The parallel range join
method uses a join index to determine the ranges of rows between the
tables that can be joined in parallel. The parallel range join method
requires you to create a join index on the columns to be joined in
the tables that you want to merge. The join index divides the two
tables into a specified number of near-equal parts, or ranges, based
on matching values between the join columns. The Parallel Join facility
recognizes the ranges of rows that contain matching values between
the join columns, and then uses concurrent join threads to join the
rows in parallel. The SPD Server parallel sort then sorts the rows
within a range.
The parallel range join
method can be performed only on tables that are in the same domain.
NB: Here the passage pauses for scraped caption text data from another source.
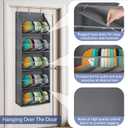 Hat Organizer for Baseball Caps - Hat Rack for Door - Hat Storage for Baseball CapsHat Holder on Wall, Clear Deep Pockets 5 Tiers, Holds at Least 60 Hats, with 3 Hooks (Grey)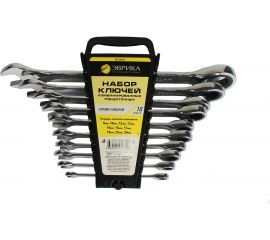 Набор комбинированных трещоточных ключей ЭВРИКА 10 предметов ER-20824 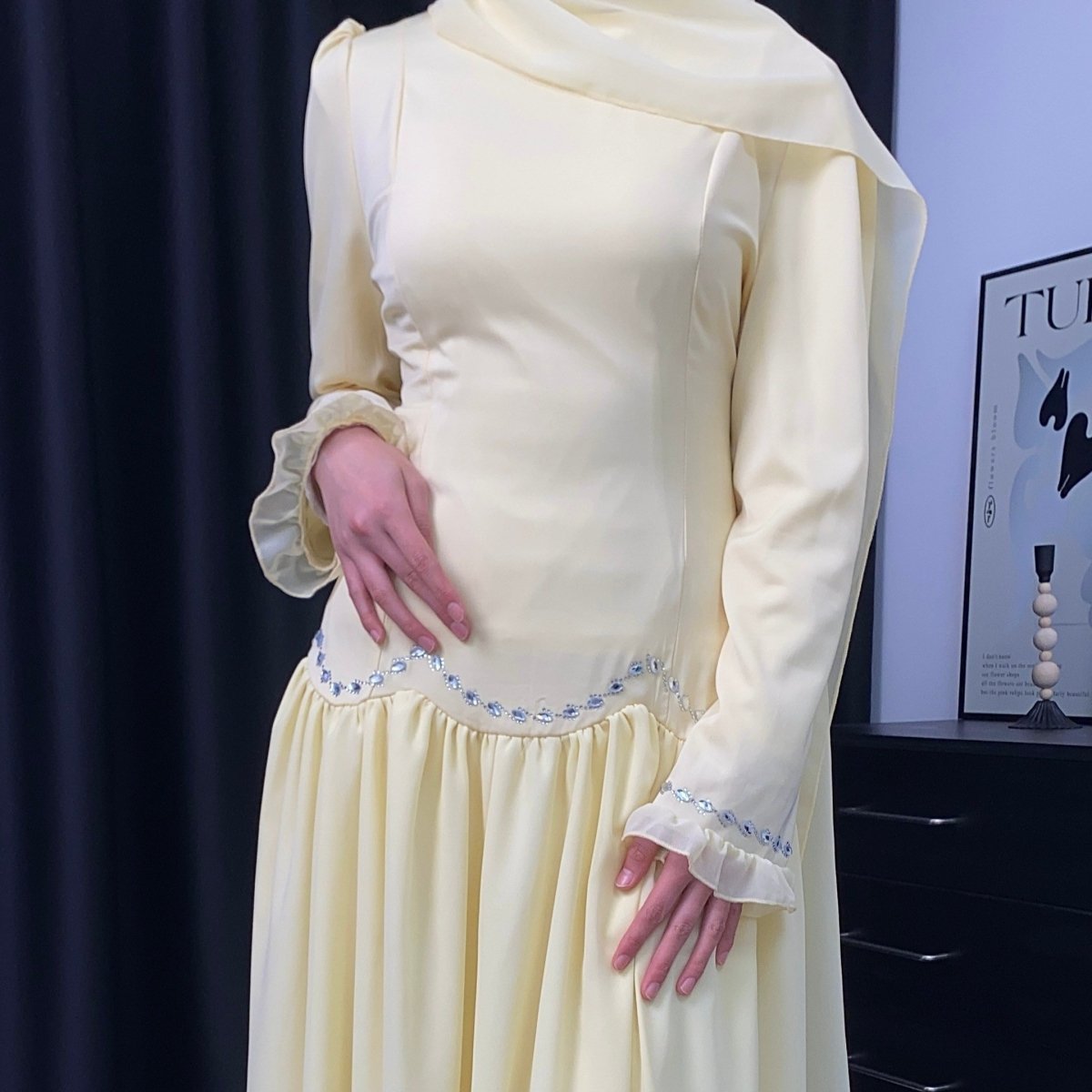 Crystal Waist Chain Dress with Ruffle Cuffs(MS306) - Mariam's Collection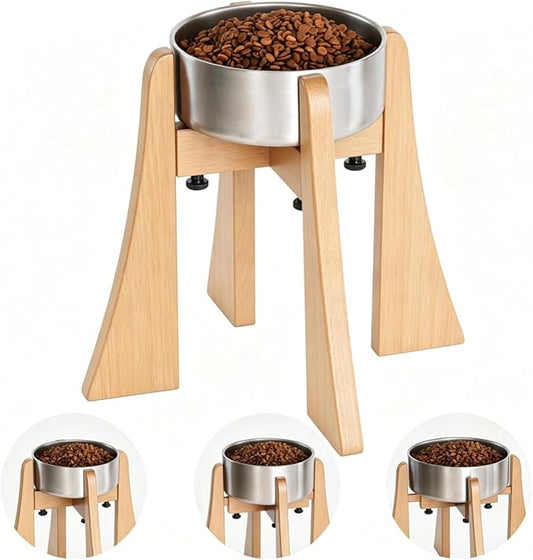 Elevated Bowl Stand Set 12-inch with Heavy Duty Beech Wood Made, Anti-Vomit Design for Medium Breed, Senior Dogs, Ergonomic Neck Protecting, Adjustable Diameter, Easy Clean Non Toxic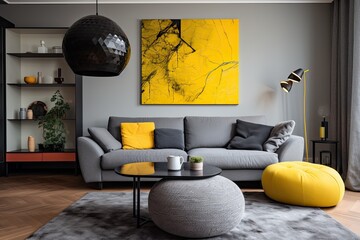 In the living room, there is a grey sofa accompanied by a yellow pouf and a designer chair. The table beneath is adorned with a yellow lamp hanging above it.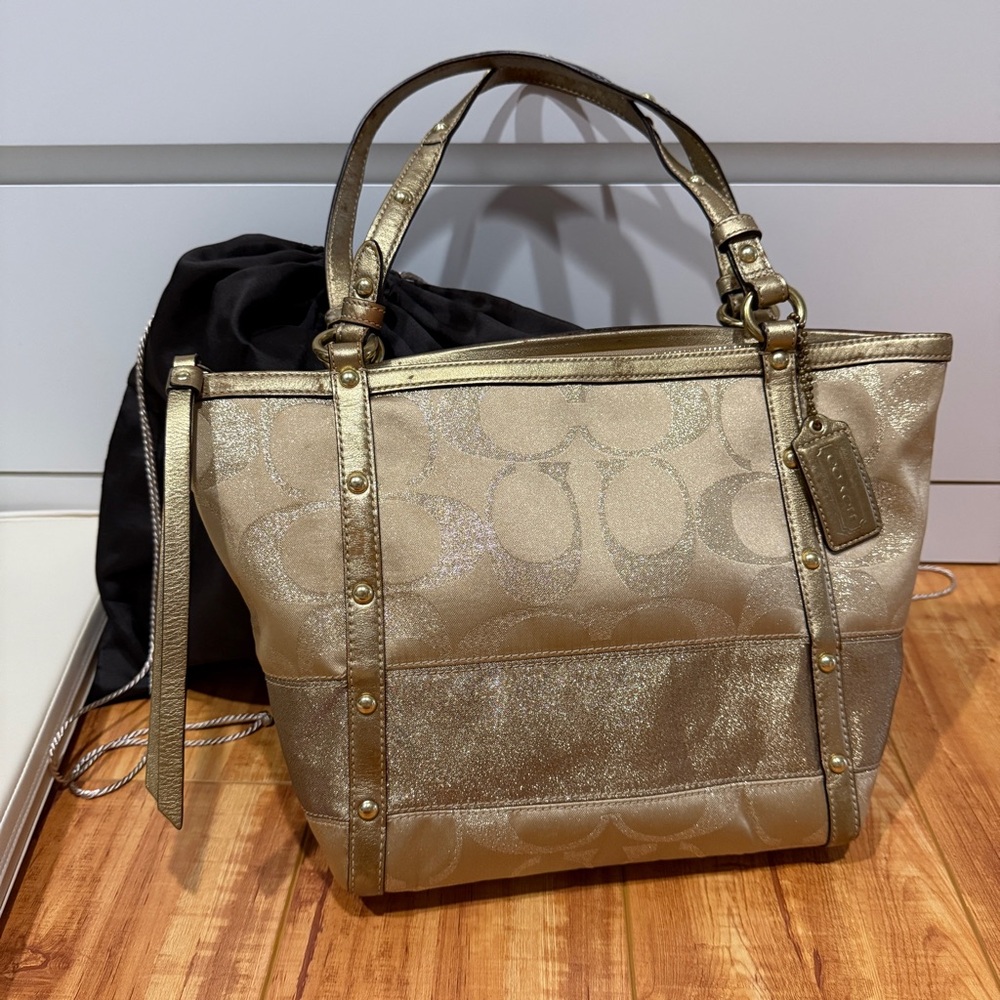 Coach Metallic Gold Tote Bag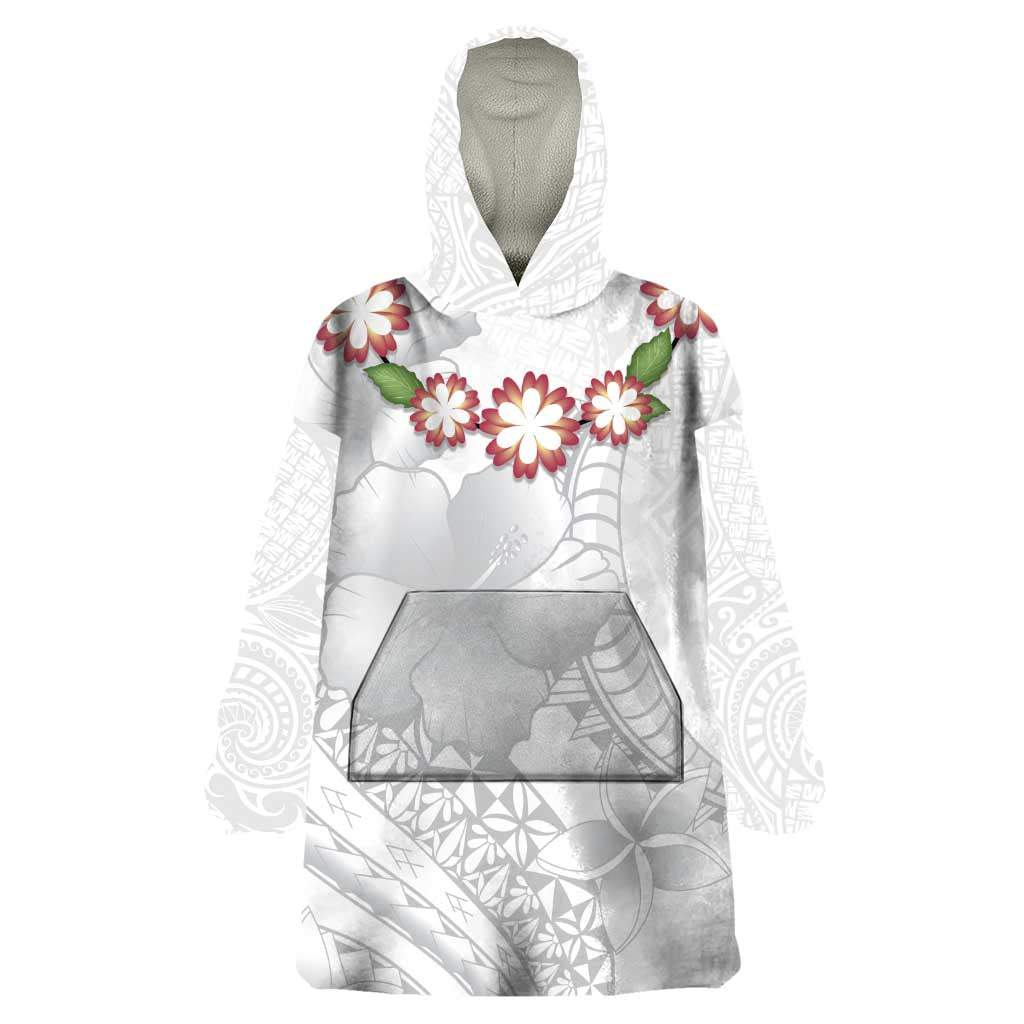 Manuia le Aso Sa o Tamaiti Tonga Wearable Blanket Hoodie White Sunday Heilala Lei LT9 One Size White - Polynesian Pride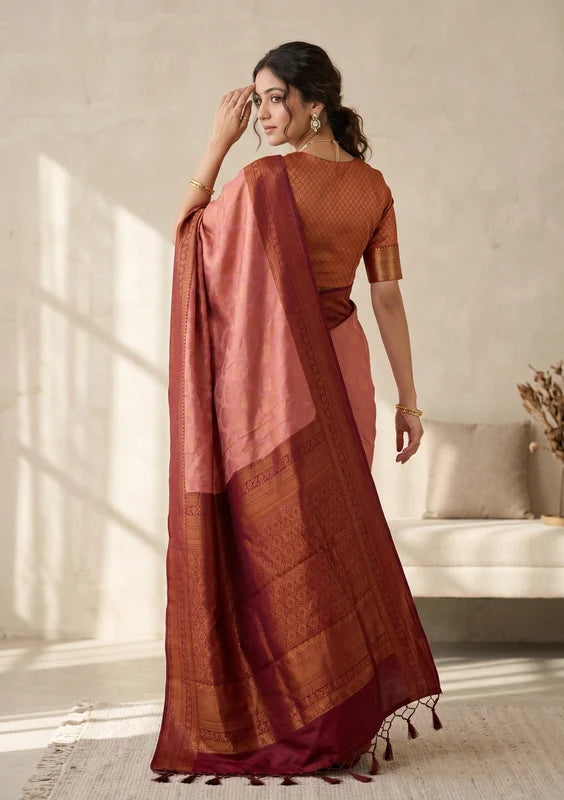 Onion Pink Soft Raw Silk Jaal Saree With Matching Blouse Piece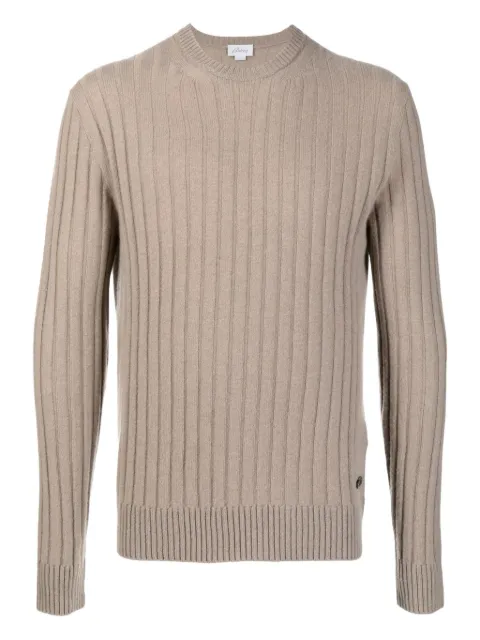 Brioni ribbed wool sweater Neutrals UNS91LO2K173901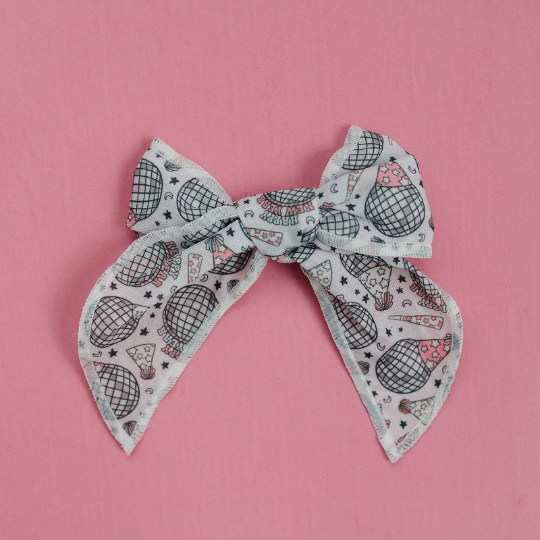 Happy New Year 2023 4" Serged Cotton Hair Bow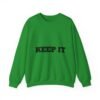 سويت شيرت برقبة دائرية بشعار رياضي - "حافظ على لياقتك... فقط حافظ على لياقتك"" fitness slogan crewneck sweatshirt — "keep it shirt...just keep the fittness up"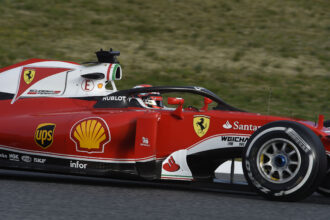 Raikkonen driving the SF16-H with Halo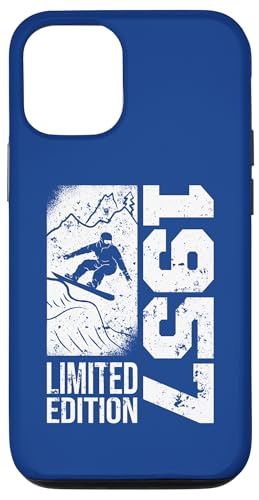 Hülle für iPhone 12/12 Pro Snowboarder Jahrgang 1957 Geburtstags Snowboarding Snowboard von Snowboard Zubehör Geschenke Shirts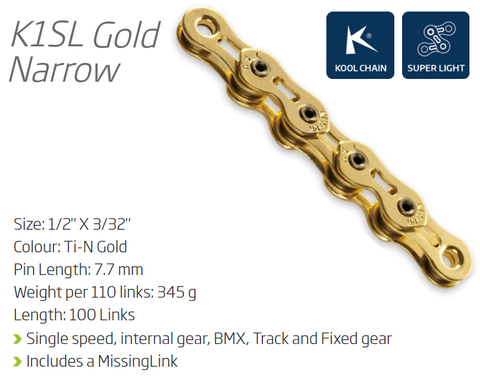 CHAIN - Single Speed - KMC K1SL - 112L - Ti-N GOLD - w/Connect Link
If either of the two tables are updated after the join index is created,
the join index must be rebuilt before the parallel range join method
can be used. The parallel range join method performs best when the
columns of the tables that are being joined are sorted. If the columns
are not relatively sorted, then the concurrent join threads can cause
processor thrashing. Processor thrashing occurs when unsorted rows
in a table require SPD Server to perform increasingly larger table
row scans, which can consume processor resources at a high rate during
concurrent join operations.
More detailed information
about creating join indexes is available in Chapter 17, "SAS Scalable
Performance Data (SPD) Server Index Utility Ixutil," of the
SAS Scalable Performance Data (SPD) Server 4.5: Administrator's Guide.
How does the SPD Server
Parallel Join facility choose between the sort-merge method and the
range join method? If a join index is available for the tables to
be joined, the Parallel Join facility chooses the parallel range join
method. If a join index does not exist, or if the join index has not
been rebuilt since a table was updated, the Parallel Join facility
defaults to using the parallel sort-merge method.